“His heart filled virtually his whole chest,” recalls Dr. Diane Meier describing her very first patient, an 89-year-old suffering from end-stage congestive heart failure.
It was the first day of Meier’s internship at a hospital in Portland Oregon, and after being assigned 23 patients, she was suddenly told that one of her patients, who had been in the Intensive Care Unit for months, was “coding.” She raced to the ICU where the resident told her to put in a “central line.”
“I didn’t know how,” Meier admits. “I felt overwhelmed and inadequate.
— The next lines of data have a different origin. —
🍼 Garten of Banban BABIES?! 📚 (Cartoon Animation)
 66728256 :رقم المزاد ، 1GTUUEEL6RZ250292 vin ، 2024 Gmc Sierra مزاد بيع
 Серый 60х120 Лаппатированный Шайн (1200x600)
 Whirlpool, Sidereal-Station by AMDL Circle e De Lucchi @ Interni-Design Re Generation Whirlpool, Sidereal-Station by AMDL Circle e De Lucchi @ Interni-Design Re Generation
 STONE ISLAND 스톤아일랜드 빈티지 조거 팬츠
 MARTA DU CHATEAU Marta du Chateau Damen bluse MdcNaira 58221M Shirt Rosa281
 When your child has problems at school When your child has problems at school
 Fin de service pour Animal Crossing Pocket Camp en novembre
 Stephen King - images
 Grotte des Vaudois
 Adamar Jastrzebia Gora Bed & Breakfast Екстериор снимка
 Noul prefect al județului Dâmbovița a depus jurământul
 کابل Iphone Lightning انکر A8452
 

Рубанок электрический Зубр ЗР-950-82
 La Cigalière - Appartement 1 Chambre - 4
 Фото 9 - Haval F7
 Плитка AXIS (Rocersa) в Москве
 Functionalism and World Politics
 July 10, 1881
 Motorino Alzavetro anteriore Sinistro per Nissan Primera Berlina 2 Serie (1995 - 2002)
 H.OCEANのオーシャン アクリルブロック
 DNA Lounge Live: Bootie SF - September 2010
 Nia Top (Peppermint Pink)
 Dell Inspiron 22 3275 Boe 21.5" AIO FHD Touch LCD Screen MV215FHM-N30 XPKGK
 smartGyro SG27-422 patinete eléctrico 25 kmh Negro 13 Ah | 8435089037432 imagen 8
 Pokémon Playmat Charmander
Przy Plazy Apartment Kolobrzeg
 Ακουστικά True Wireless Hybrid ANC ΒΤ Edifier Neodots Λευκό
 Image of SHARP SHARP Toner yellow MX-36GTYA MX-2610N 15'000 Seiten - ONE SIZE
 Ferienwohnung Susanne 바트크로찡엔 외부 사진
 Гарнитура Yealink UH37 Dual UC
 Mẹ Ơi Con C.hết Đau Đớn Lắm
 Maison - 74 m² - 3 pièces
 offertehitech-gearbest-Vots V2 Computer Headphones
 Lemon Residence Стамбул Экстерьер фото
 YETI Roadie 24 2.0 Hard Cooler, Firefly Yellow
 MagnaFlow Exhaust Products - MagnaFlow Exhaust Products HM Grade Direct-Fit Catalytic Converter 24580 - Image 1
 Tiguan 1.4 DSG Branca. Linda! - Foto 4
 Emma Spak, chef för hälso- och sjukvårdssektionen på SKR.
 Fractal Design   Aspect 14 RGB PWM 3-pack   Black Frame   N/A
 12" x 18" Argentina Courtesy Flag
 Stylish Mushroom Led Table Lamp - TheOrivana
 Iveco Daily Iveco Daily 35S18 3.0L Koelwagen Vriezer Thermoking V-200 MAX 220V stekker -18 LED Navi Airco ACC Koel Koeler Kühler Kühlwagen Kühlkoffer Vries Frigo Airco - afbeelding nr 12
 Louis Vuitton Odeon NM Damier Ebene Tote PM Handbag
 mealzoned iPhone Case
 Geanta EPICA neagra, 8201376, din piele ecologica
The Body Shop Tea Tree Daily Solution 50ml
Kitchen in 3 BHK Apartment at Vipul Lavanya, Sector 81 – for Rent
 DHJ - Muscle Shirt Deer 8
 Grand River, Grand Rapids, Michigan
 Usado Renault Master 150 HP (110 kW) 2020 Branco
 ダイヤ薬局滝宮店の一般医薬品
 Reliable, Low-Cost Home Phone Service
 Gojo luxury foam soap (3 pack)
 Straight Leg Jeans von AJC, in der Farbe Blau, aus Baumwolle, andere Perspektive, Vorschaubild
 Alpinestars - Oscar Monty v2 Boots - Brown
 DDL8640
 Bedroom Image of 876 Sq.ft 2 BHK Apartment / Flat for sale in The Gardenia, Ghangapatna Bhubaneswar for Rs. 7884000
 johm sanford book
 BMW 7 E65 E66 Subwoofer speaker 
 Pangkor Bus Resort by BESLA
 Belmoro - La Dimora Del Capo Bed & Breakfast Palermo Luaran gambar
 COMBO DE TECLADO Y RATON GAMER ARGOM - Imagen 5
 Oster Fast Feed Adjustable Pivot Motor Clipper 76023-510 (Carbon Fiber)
Then, the patient died. . .
“Everyone just walked out of the room,” she remembers. I stood there. I still sometimes flash back on that scene: the patient, naked, lying on the table, strips of paper everywhere, the room empty. This was my patient. I felt I was supposed to do something—but I didn’t know what.”
Meier left the room and, in the hallway, saw the patient’s wife. “I walked right past her,” she recalls, nearly shuddering at her own cowardice. I didn’t know what to say. I didn’t even say ‘I’m sorry.’ As a physician, I didn’t think that I was supposed to do that. “
I heard Dr. Diane Meier tell this story at a conference for medical students at Manhattan’s Mt. Sinai School of Medicine last week. When she finished, she asked her audience, “What is the hidden curriculum here? What does this story tell you?’
“Once the patient dies, he no longer matters,” said one student.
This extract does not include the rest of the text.